Features of various aspects of embodiments of the invention are described in detail below. In the following detailed description, numerous specific details are set forth in order to provide a thorough understanding of the invention. It will be apparent, however, to one skilled in the art that the present invention may be practiced without these specific details. The following description of the embodiments is merely for a better understanding of the invention by showing examples of the invention. The present invention is not limited to any particular arrangement and method provided below, but covers any modifications, substitutions, etc. of all product constructions, methods, and the like covered without departing from the spirit of the invention.
Well-known structures and techniques have not been shown in detail in the various drawings and the following description in order not to unnecessarily obscure the present invention.
Example 1:
this example consisted of comparative example 1 and examples 1-1 to 1-4 (the material composition is shown in Table 1). Examples 1-1 to 1-4 were prepared by mixing component A and component B in the proportions shown in the tables using the process of the present invention. The proportion of the component A and the component B comprises 95 percent (5 percent), 90 percent (10 percent), 80 percent (20 percent) and 50 percent (50 percent) (all are mass fractions).
The ingredients of the comparative examples were identical to the equivalent ingredients of the examples after mixing of component a and component B in the proportions shown in the table and were prepared using prior art techniques (i.e., without the powder mixing step, resulting in a uniform grain structure).

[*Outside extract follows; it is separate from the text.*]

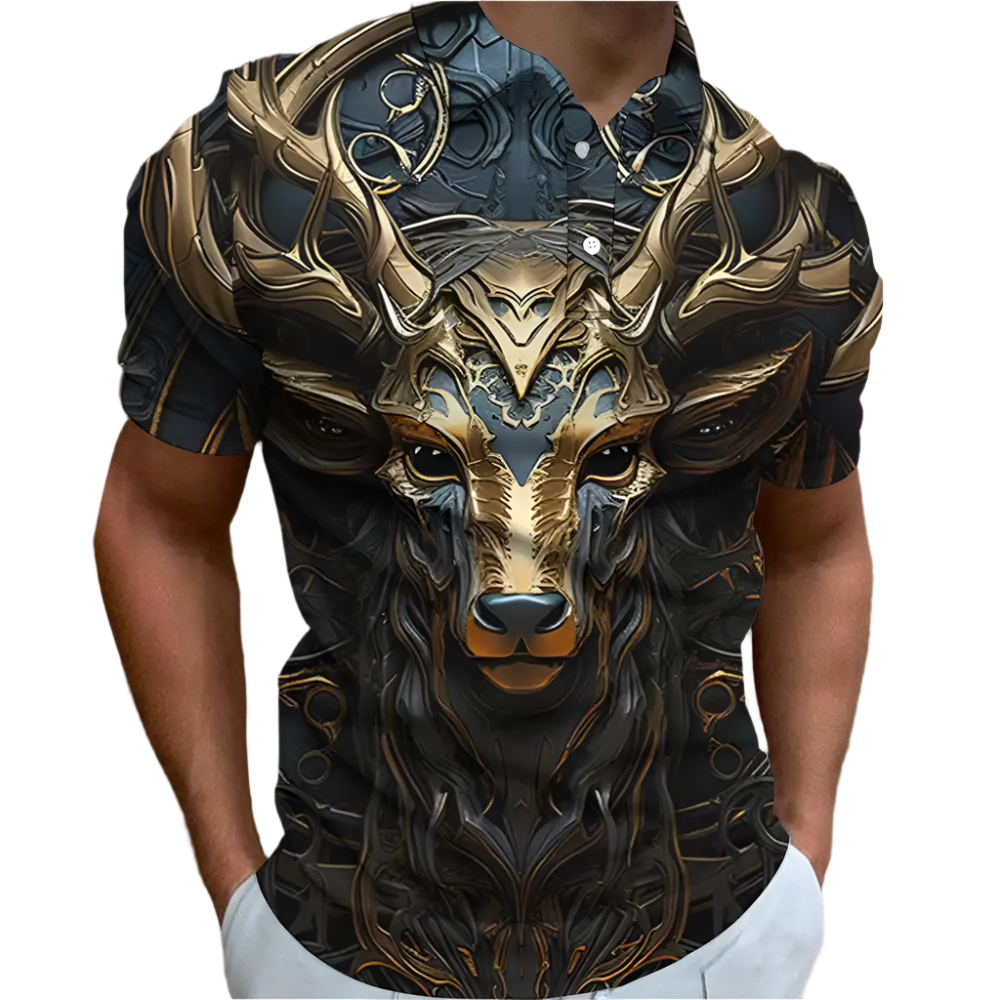 Oversized 3D animal print polo shirt with retro design, perfect for resort golf and casual wear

The final solution heat treatment temperatures in this series of examples (including the comparative examples) were 1140 c, which is between the gamma prime phase solution temperatures of component a and component B in examples 1-1 to 1-4 and below the gamma prime phase solution temperature of the materials in the comparative examples. Thus, comparative example 1 gave a uniform sub-solid solution grain structure, while examples 1-1 to 1-4 gave sub-solid solution grain structures in which coarser over-solid solution grain structures were distributed.

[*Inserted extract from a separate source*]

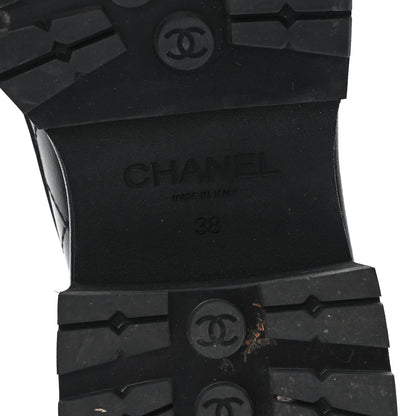 Chanel Calfskin Quilted CC Mocassin Loafers 38 Black 7 of 9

Described by taking example 1-1 as an example:
a powder nickel-based superalloy prepared from a two-component alloy powder has the target composition shown in Table 1, example 1-1. The alloy composition was equivalent to 95% of the component A alloy plus 5% of the component B alloy in example 1-1 of Table 1, and was the same as comparative example 1 (i.e., component C).

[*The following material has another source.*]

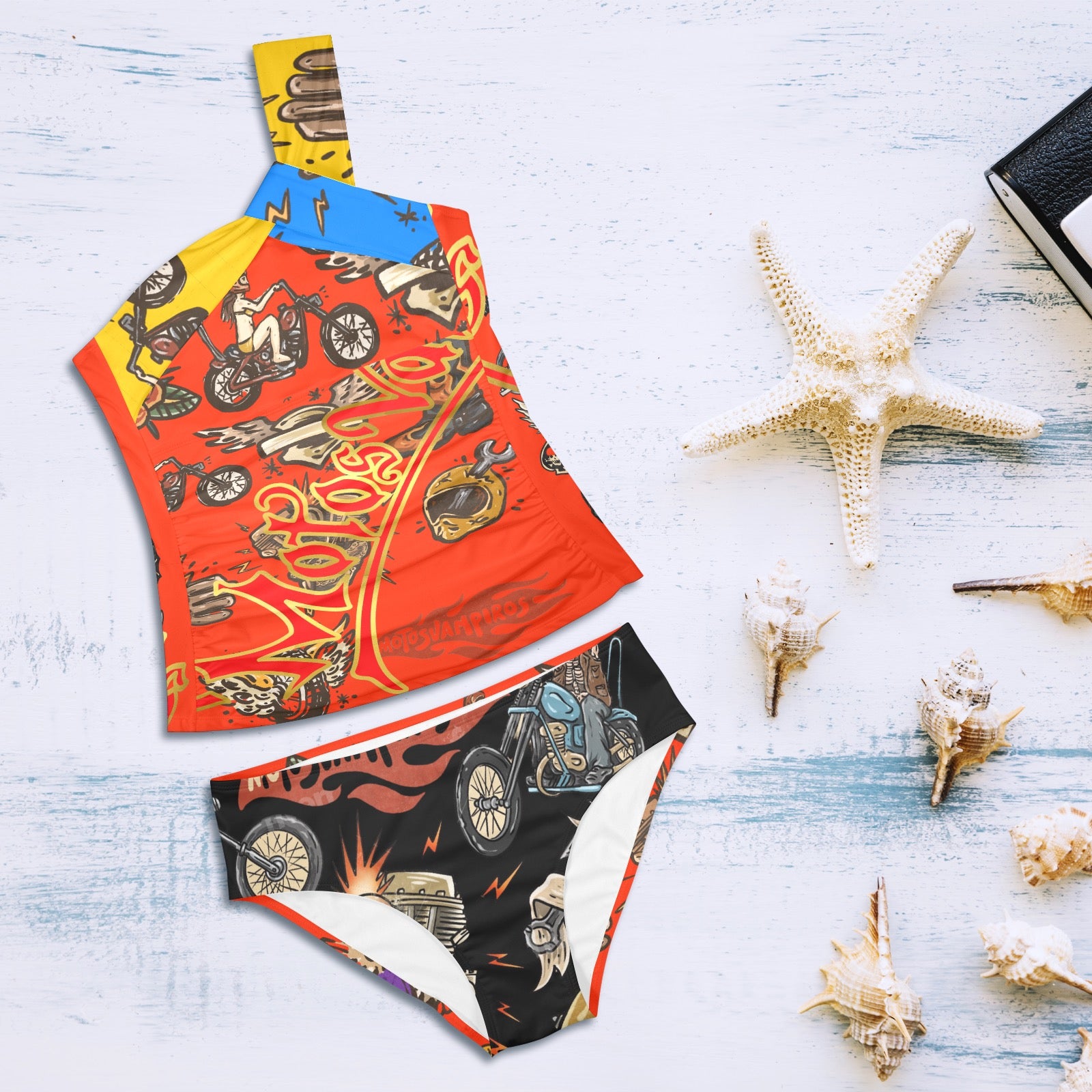 All-Over Print Women's One-Shoulder Bikini Set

First, the elemental materials were prepared into master alloy ingots of component a and component B corresponding to example 1-1 in table 1, respectively, using vacuum induction melting, and then the alloy ingots were prepared into alloy powders of component a and component B, respectively, using an argon atomization method, and were sieved to-270 mesh. The solid solution temperature of the gamma prime strengthened phase in the component A alloy is approximately 1160 ℃ and the solid solution temperature of the gamma prime strengthened phase in the component B alloy is approximately 1120 ℃.
Uniformly mixing 95% of component A alloy powder and 5% of component B alloy powder, then filling into a steel sheath, and degassing, sealing and hot isostatic pressing. Subjecting the hot isostatically pressed compact blank to solution heat treatment at 1140 ℃ which is between the solution temperatures of the two component alloys, so that the B component undergoes solution heat treatment to change into a coarse crystal structure; the A component is subjected to sub-solution heat treatment, and a fine crystal structure is reserved. As schematically shown in fig. 1, the alloy obtained by this method has two grain size distributions, a small number of large-size grains having a size of about 20 to 40 μm are uniformly distributed in fine grains having a size of about 10 μm, and a primary γ' strengthening phase having a size of about 1 μm is also dispersed at grain boundaries of the small grains.
Comparative example 1, prepared using the existing process, i.e., using only the target alloy component C, was prepared as a master alloy and alloy powder, followed by the same hot isostatic pressing process and heat treatment process. Since the gamma prime strengthening phase of the alloy of comparative example 1 has a solid solution temperature of 1156 ℃ which is higher than the solution heat treatment temperature of 1140 ℃, the microstructure of the prepared alloy is a uniform sub-solid solution grain structure, and the difference from the alloy structure in this case is that there are no large-size grains dispersed uniformly. Compared with the target alloy prepared by the prior art, the load-retaining crack growth rate of the bi-grain size distribution alloy prepared by the route of the bi-component alloy mixed preparation in the invention is obviously reduced. For example, at 650 ℃, under maximum stress for 2 minutes, the crack growth rate is reduced to about 60% at Δk=30 MPa; meanwhile, the room temperature tensile property, the tensile property at 650 ℃ and the creep property at 650 ℃ of the material are unchanged.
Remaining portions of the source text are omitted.